But also frankly think about some of the stories that make up this Company, and we have a process called Third Cut Calls here, and I don't want to get too obtuse with it, but a Third Cut Call means that somebody is qualified for one of the top levels of our distributor marketing plan and the President's team, and these people are usually making somewhere around $150,000 a year. Sometimes more, sometimes less, but just kind of on average around that area. And a couple of months ago we had our Third Cut Call out of the Midwest in the United States. So I'm bringing it home here to the US. And it was a woman who was a Phys Ed teacher in the local high school and she saw a lot of students with her students and with her parents in terms of weight management, weight control. So she adopted a club model, and she started to build an opportunity for both her students and her parents to come to her club, to lose weight, to also retail the products so they can take them home so they can have a shake in the morning, replace a high calorie meal with a low calorie meal to get them active, build a lifestyle in them that frankly was a big change from where they were. She took her opportunity to change people's lives, the mission for nutrition, and turn it into a business opportunity. This woman in a small community, we are talking under 20,000 people, is now making $150,000 a year and still is a Phys Ed teacher in her high school.

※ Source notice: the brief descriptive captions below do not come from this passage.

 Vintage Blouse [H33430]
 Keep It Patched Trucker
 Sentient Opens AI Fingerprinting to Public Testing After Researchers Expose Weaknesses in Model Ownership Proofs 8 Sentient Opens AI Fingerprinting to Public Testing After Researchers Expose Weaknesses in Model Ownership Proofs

These are the kind of stories that we are seeing on a global basis, not just in the Midwest of the United States, but we see them in Mexico, and India, and we are starting to see them in Europe, and we see it in Asia day in and day out. This is what's gratifying about our Company. We are changing people's lives. We've got a great product. We are positioned better than we ever have. Our distributors are engaged. They are working hard, and as I said before they are on a mission to help customers with a healthy active lifestyle.
Next quarter, you guys, we'll be hosting our annual Analyst and Investor Meeting in conjunction with our third quarter earnings release. We will give you more details on that real soon. And to kind of close-up here, we are confident we have the opportunities and initiatives needed to continue to grow our business and Herbalife to be a leading brand recognized and respected around the world. Thank you.
Thanks for being part of our mission for nutrition and helping people lead both healthier, active lives and participating in our earnings call today. And, of course, to all our distributors and employees listening in, what a great quarter. Thanks for your spectacular efforts and as you know at Herbalife we succeed as a team. Thanks.
Operator
This concludes today's conference. You may now disconnect.